2018 Book 1: THE WOMAN IN THE WINDOW by A.J. Finn

The Woman in the Window by A.J. Finn 
ISBN: 9780062678416 (hardcover)
ISBN: 9780062678447 (ebook)
ISBN: 9780062678430 (digital Audiobook)
ASIN: B06Y55Z36S (Kindle edition)
Publication date: January 2, 2018 
Publisher: William Morrow


"Astounding. Thrilling. Amazing." —Gillian Flynn

"Unputdownable." —Stephen King

"A dark, twisty confection." —Ruth Ware

"Absolutely gripping." —Louise Penny

What did she see?
It's been ten long months since Anna Fox last left her home. Ten months during which she has haunted the rooms of her old New York house like a ghost, lost in her memories, too terrified to step outside.
Anna's lifeline to the real world is her window, where she sits day after day, watching her neighbors.
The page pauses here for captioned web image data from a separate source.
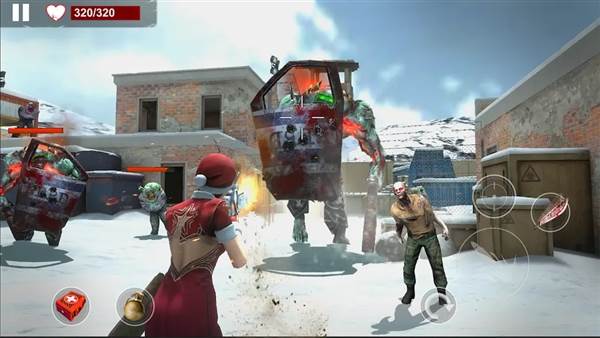 最后射手死亡僵尸3D宣传图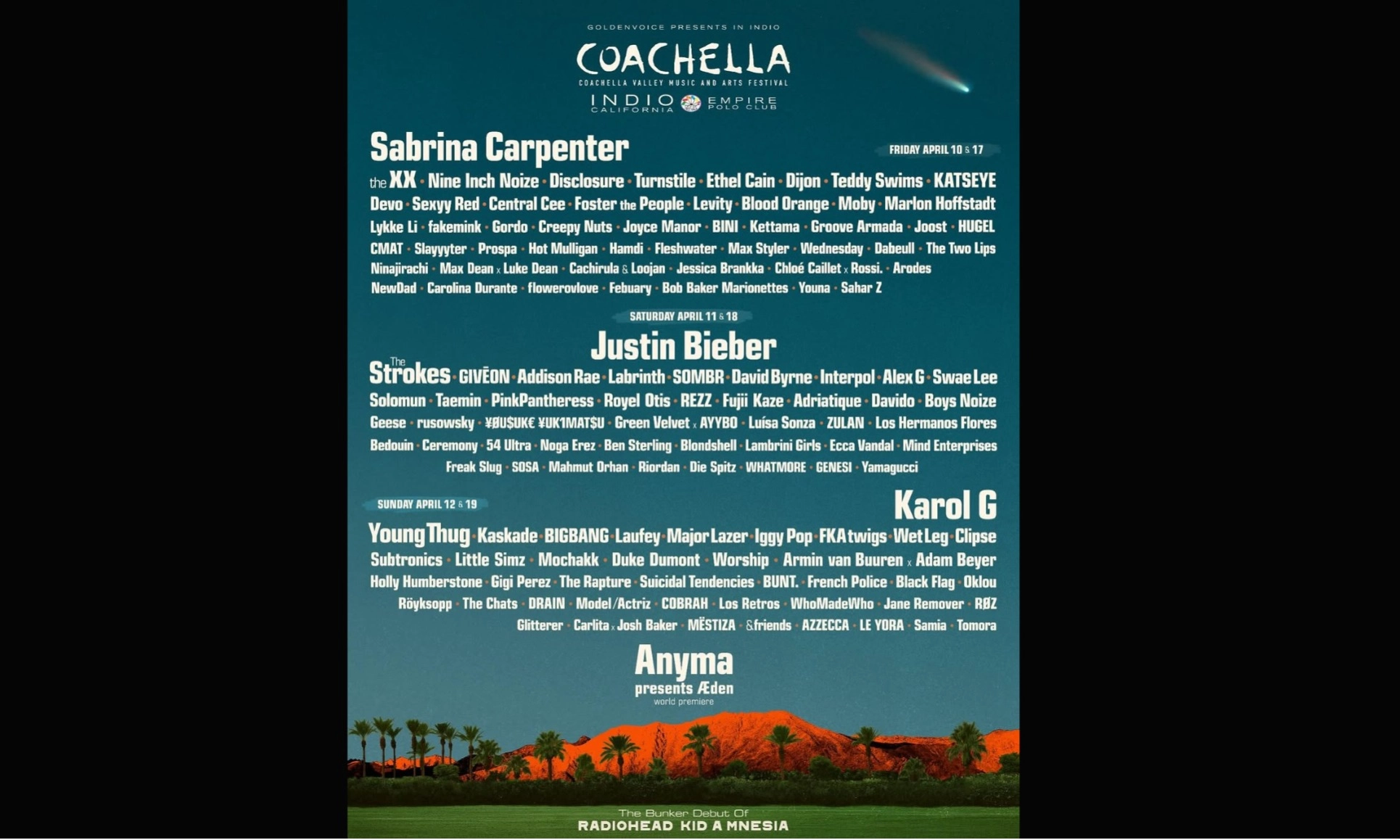 <p id="isPasted">Kembali Ke Panggung, Justin Bieber Jadi <em>Headliner&nbsp;</em>Coachella 2026</p>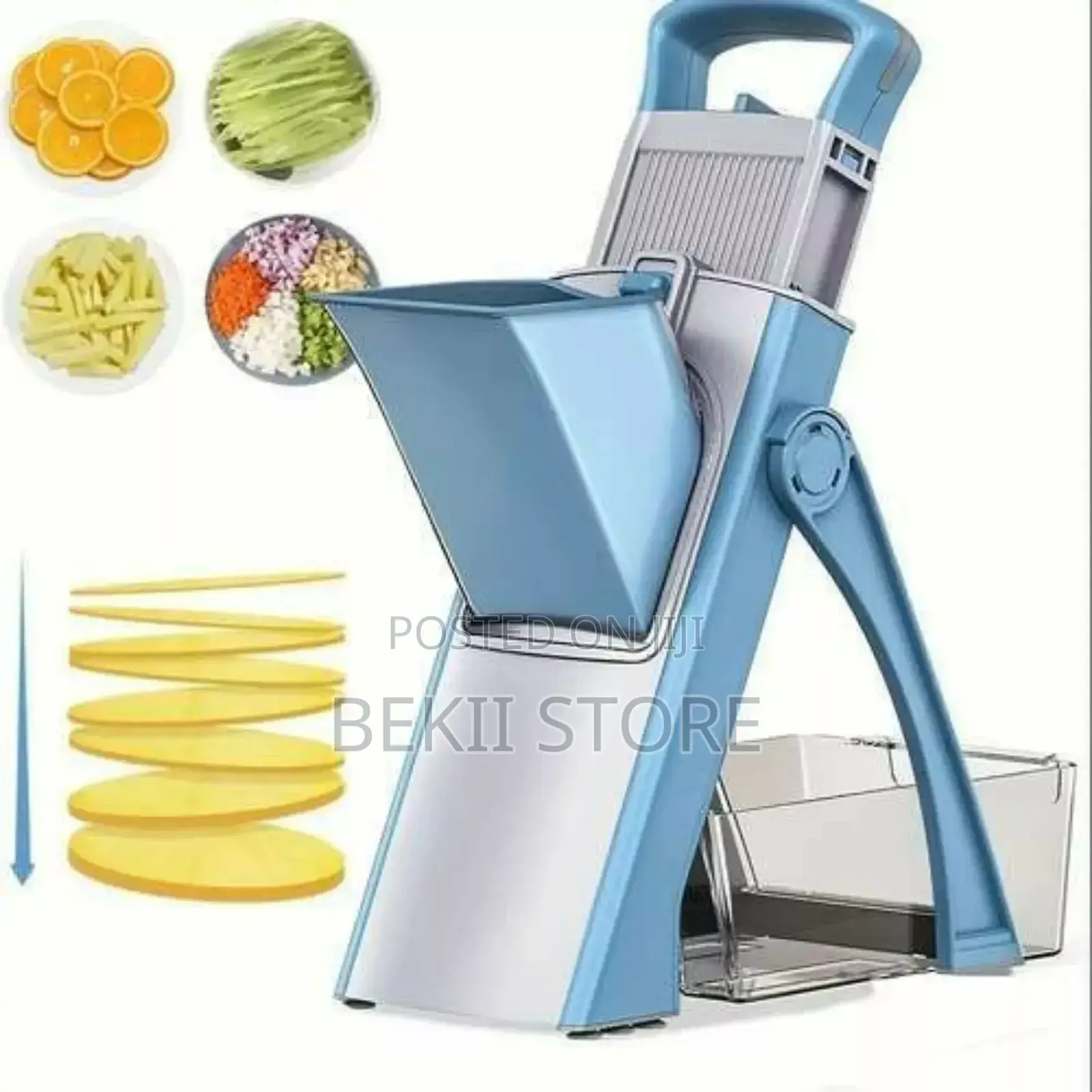 High End Multifunctional Vegetable Cutter የአትክልት መቁረጫ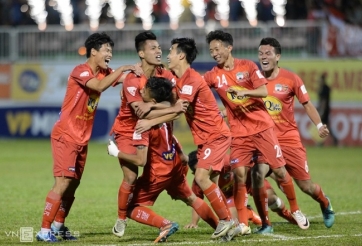 HAGL nhận thưởng sau chiến thắng đầu tay tại V-League 2017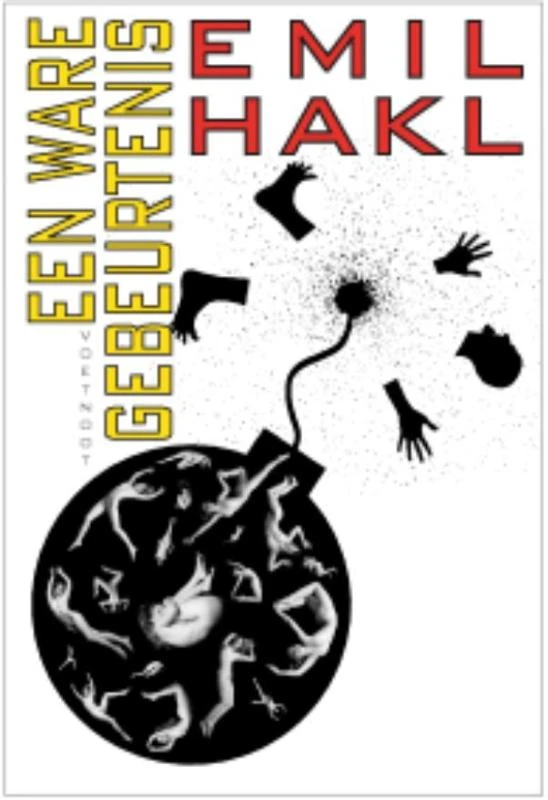 Een ware gebeurtenis – Emil Hakl – boek cover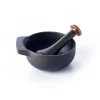 Mortier avec pilon 11 cm Nori noir Beka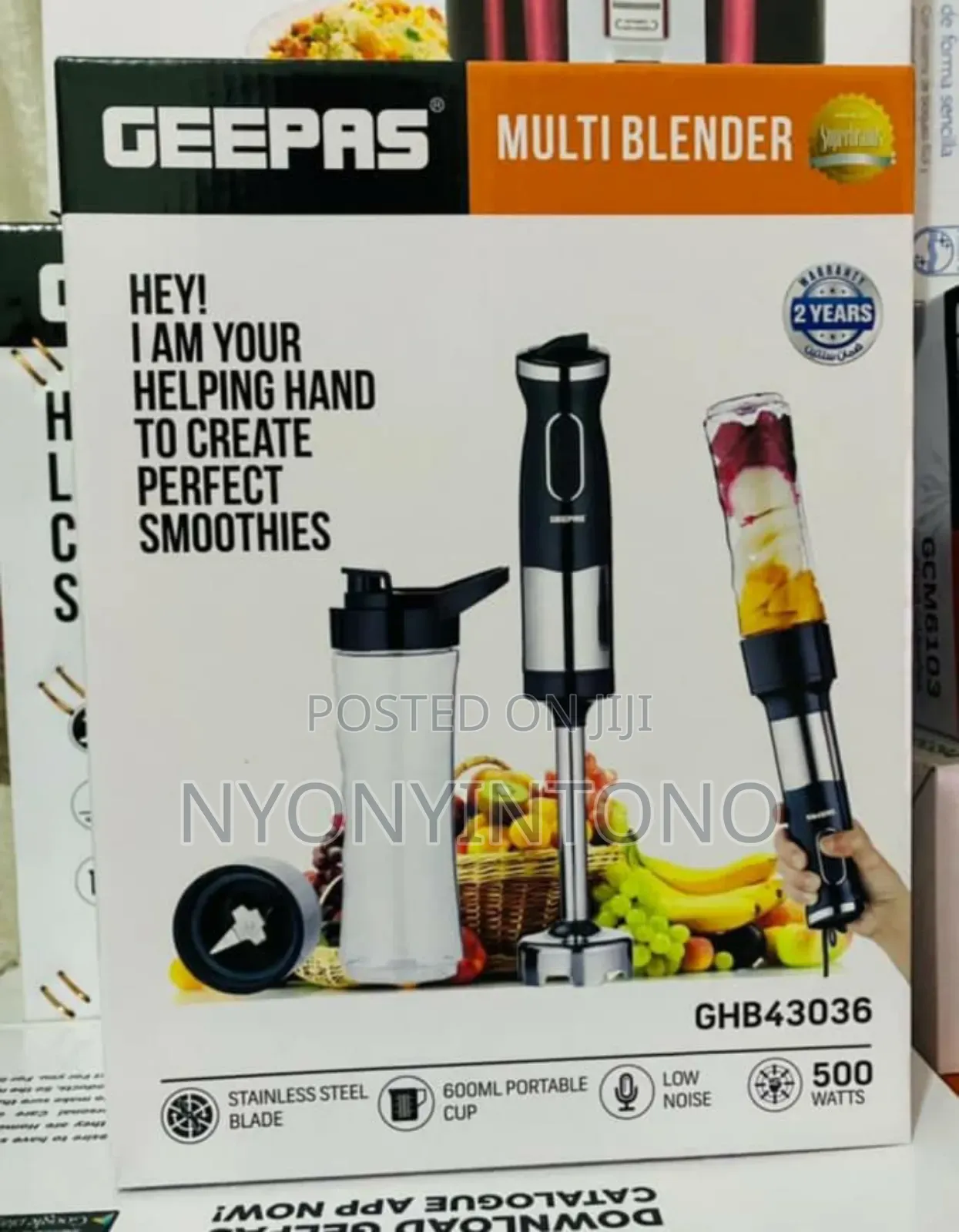 Geepas Multi-Functional Hand Blender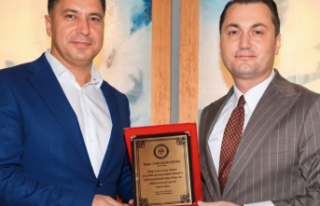 Alanya protokolünden Yarbay Karadeniz'e veda!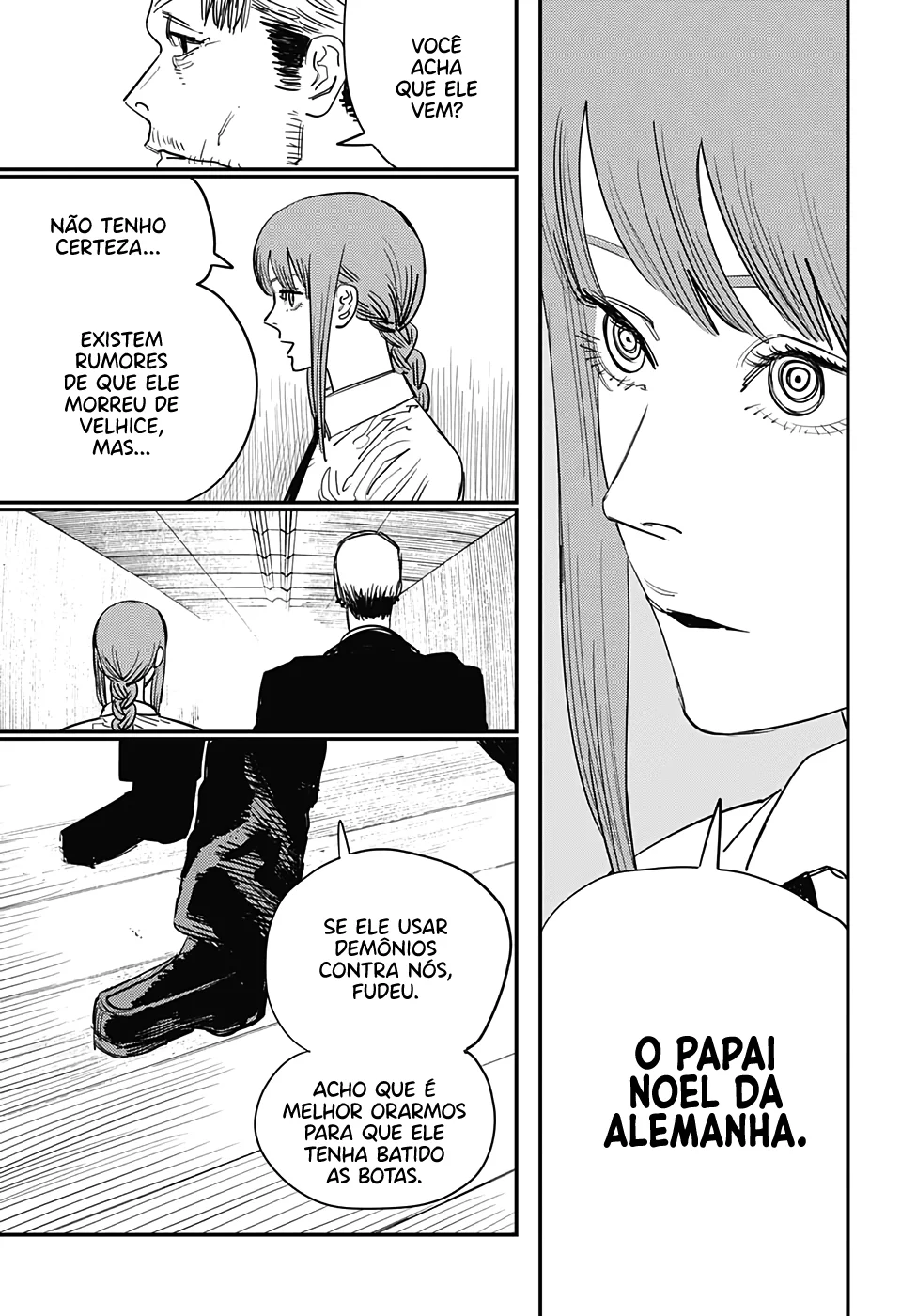 Chainsaw Man Capítulo 54 Página 14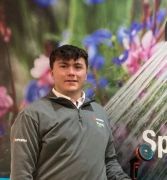 Joshua Rigg, Sales Representative for the North West region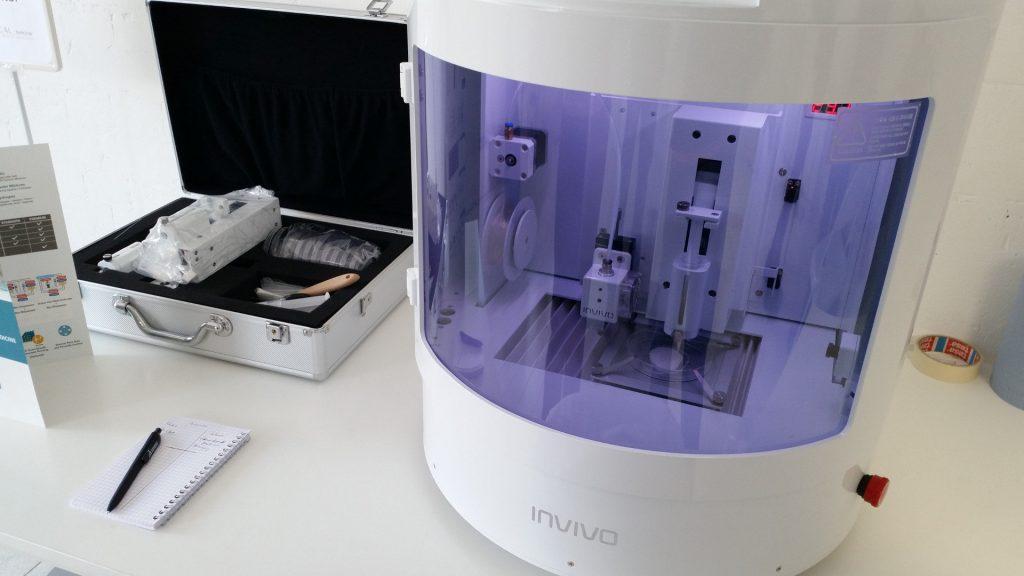 Rokit Invivo Bio 3D Printer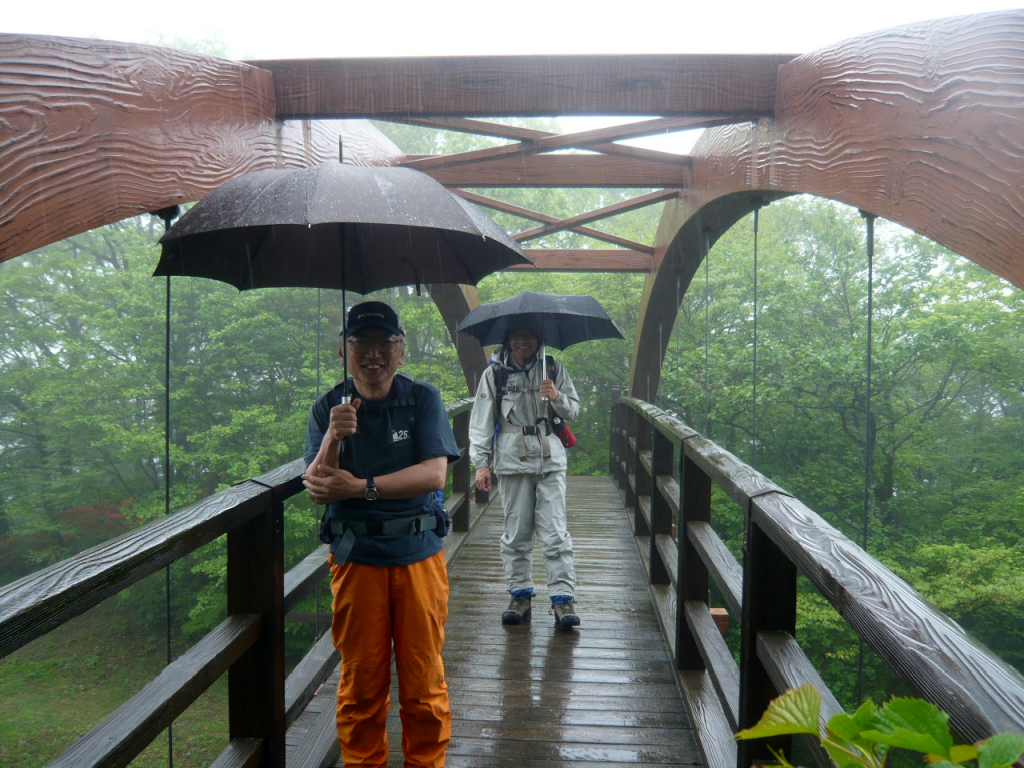 登山口より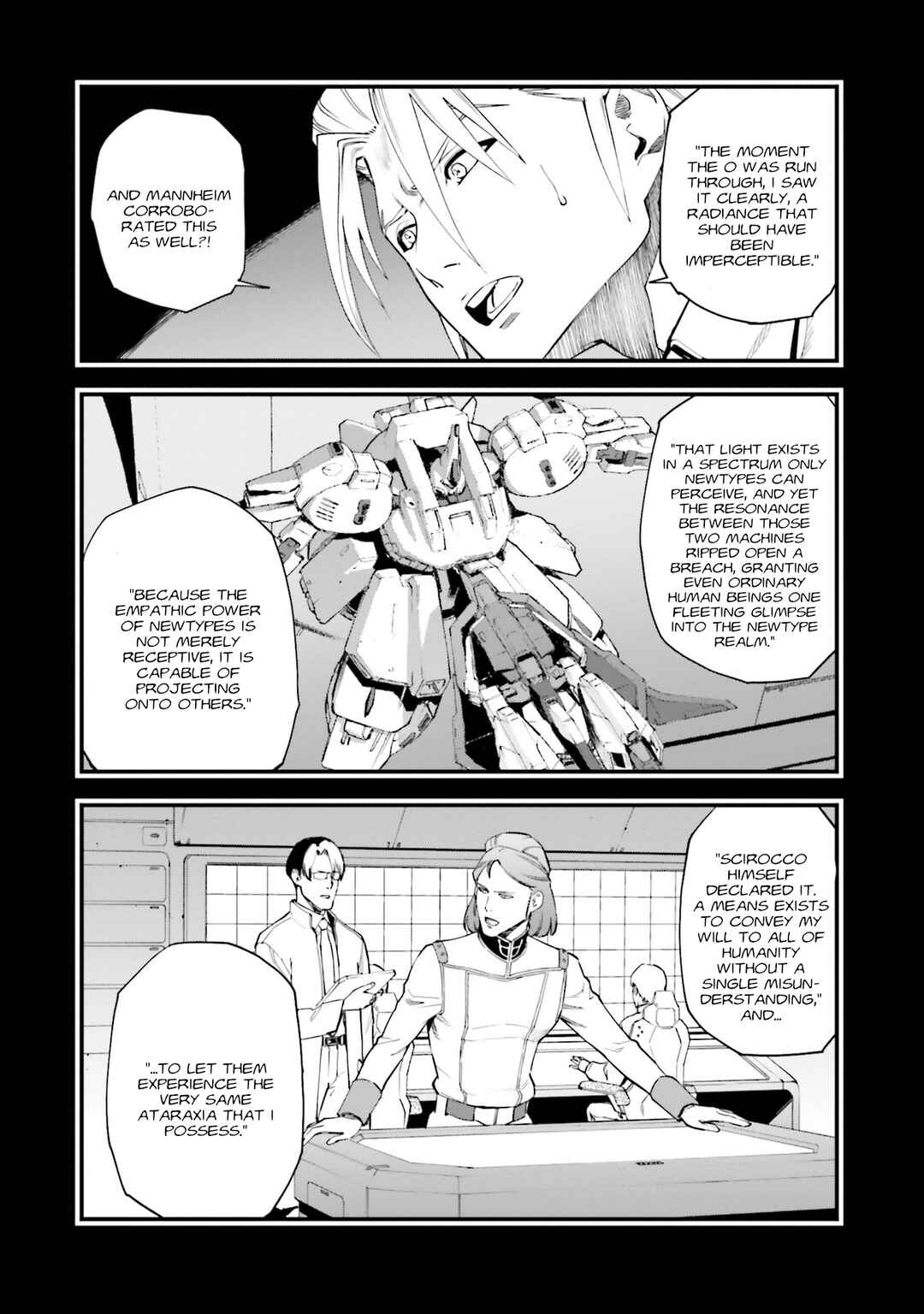 Mobile Suit Gundam: Walpurgis Chapter 41 - Page 25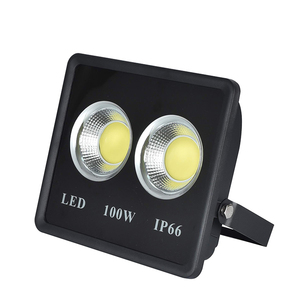 Daya Tinggi LED Lampu Sorot Luar Ruangan IP65 Tahan Air <span class=keywords><strong>COB</strong></span> 100W 150W 200W 300W 400W 500W 600W 1000W Taman Stadion LED Banjir Cahaya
When the Russells move in, Anna is instantly drawn to them. A picture-perfect family of three, they are an echo of the life that was once hers.
But one evening, a frenzied scream rips across the silence, and Anna witnesses something no one was supposed to see. Now she must do everything she can to uncover the truth about what really happened. But even if she does, will anyone believe her? And can she even trust herself?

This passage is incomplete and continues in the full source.